What needs to be done
All entries should be printed precisely as written.
(Beginning of Provided records)
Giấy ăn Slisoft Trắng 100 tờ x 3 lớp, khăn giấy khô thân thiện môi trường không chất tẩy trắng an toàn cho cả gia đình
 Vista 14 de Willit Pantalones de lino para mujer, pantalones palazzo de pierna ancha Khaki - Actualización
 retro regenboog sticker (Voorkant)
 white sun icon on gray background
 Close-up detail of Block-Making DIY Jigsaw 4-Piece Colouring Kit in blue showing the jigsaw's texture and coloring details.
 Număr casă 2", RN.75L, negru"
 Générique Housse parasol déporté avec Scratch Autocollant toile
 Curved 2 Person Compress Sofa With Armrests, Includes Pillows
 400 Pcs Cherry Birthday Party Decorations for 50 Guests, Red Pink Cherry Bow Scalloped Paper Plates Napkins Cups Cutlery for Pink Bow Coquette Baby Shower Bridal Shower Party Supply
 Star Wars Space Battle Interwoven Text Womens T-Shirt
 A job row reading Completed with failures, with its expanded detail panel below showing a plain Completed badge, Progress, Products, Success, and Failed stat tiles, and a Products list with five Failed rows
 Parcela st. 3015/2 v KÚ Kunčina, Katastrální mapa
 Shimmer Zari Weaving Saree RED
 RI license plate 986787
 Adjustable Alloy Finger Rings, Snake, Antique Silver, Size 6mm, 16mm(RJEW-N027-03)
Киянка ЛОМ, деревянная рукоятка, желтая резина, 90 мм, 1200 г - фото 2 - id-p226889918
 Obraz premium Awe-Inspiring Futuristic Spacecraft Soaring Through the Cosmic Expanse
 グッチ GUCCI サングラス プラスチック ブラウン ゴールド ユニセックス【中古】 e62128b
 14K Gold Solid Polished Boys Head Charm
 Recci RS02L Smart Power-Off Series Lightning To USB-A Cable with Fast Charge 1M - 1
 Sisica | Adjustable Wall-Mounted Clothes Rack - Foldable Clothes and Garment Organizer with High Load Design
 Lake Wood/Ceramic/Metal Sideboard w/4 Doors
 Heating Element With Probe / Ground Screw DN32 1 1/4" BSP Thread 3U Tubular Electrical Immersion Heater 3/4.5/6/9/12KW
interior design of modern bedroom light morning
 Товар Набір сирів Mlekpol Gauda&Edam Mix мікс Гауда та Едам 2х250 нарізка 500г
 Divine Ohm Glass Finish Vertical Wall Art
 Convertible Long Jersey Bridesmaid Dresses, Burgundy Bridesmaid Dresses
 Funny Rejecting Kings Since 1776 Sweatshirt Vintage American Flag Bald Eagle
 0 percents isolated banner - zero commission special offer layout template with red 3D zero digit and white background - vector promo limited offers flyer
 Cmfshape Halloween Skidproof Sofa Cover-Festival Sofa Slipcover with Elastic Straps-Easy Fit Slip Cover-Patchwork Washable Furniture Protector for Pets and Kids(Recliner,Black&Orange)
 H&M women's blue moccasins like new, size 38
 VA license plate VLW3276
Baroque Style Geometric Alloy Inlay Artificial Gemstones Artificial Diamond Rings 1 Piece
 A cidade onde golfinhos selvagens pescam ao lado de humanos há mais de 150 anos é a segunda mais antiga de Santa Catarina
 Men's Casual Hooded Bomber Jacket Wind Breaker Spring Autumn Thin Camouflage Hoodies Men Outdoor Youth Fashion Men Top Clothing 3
(End of Provided records)
Exercise result
Giấy ăn Slisoft Trắng 100 tờ x 3 lớp, khăn giấy khô thân thiện môi trường không chất tẩy trắng an toàn cho cả gia đình
 Vista 14 de Willit Pantalones de lino para mujer, pantalones palazzo de pierna ancha Khaki - Actualización
 retro regenboog sticker (Voorkant)
 white sun icon on gray background
 Close-up detail of Block-Making DIY Jigsaw 4-Piece Colouring Kit in blue showing the jigsaw's texture and coloring details.
 Număr casă 2", RN.75L, negru"
 Générique Housse parasol déporté avec Scratch Autocollant toile
 Curved 2 Person Compress Sofa With Armrests, Includes Pillows
 400 Pcs Cherry Birthday Party Decorations for 50 Guests, Red Pink Cherry Bow Scalloped Paper Plates Napkins Cups Cutlery for Pink Bow Coquette Baby Shower Bridal Shower Party Supply
 Star Wars Space Battle Interwoven Text Womens T-Shirt
 A job row reading Completed with failures, with its expanded detail panel below showing a plain Completed badge, Progress, Products, Success, and Failed stat tiles, and a Products list with five Failed rows
 Parcela st. 3015/2 v KÚ Kunčina, Katastrální mapa
 Shimmer Zari Weaving Saree RED
 RI license plate 986787
 Adjustable Alloy Finger Rings, Snake, Antique Silver, Size 6mm, 16mm(RJEW-N027-03)
Киянка ЛОМ, деревянная рукоятка, желтая резина, 90 мм, 1200 г - фото 2 - id-p226889918
 Obraz premium Awe-Inspiring Futuristic Spacecraft Soaring Through the Cosmic Expanse
 グッチ GUCCI サングラス プラスチック ブラウン ゴールド ユニセックス【中古】 e62128b
 14K Gold Solid Polished Boys Head Charm
 Recci RS02L Smart Power-Off Series Lightning To USB-A Cable with Fast Charge 1M - 1
 Sisica | Adjustable Wall-Mounted Clothes Rack - Foldable Clothes and Garment Organizer with High Load Design
 Lake Wood/Ceramic/Metal Sideboard w/4 Doors
 Heating Element With Probe / Ground Screw DN32 1 1/4" BSP Thread 3U Tubular Electrical Immersion Heater 3/4.5/6/9/12KW
interior design of modern bedroom light morning
 Товар Набір сирів Mlekpol Gauda&Edam Mix мікс Гауда та Едам 2х250 нарізка 500г
 Divine Ohm Glass Finish Vertical Wall Art
 Convertible Long Jersey Bridesmaid Dresses, Burgundy Bridesmaid Dresses
 Funny Rejecting Kings Since 1776 Sweatshirt Vintage American Flag Bald Eagle
 0 percents isolated banner - zero commission special offer layout template with red 3D zero digit and white background - vector promo limited offers flyer
 Cmfshape Halloween Skidproof Sofa Cover-Festival Sofa Slipcover with Elastic Straps-Easy Fit Slip Cover-Patchwork Washable Furniture Protector for Pets and Kids(Recliner,Black&Orange)
 H&M women's blue moccasins like new, size 38
 VA license plate VLW3276
Baroque Style Geometric Alloy Inlay Artificial Gemstones Artificial Diamond Rings 1 Piece
 A cidade onde golfinhos selvagens pescam ao lado de humanos há mais de 150 anos é a segunda mais antiga de Santa Catarina
 Men's Casual Hooded Bomber Jacket Wind Breaker Spring Autumn Thin Camouflage Hoodies Men Outdoor Youth Fashion Men Top Clothing 3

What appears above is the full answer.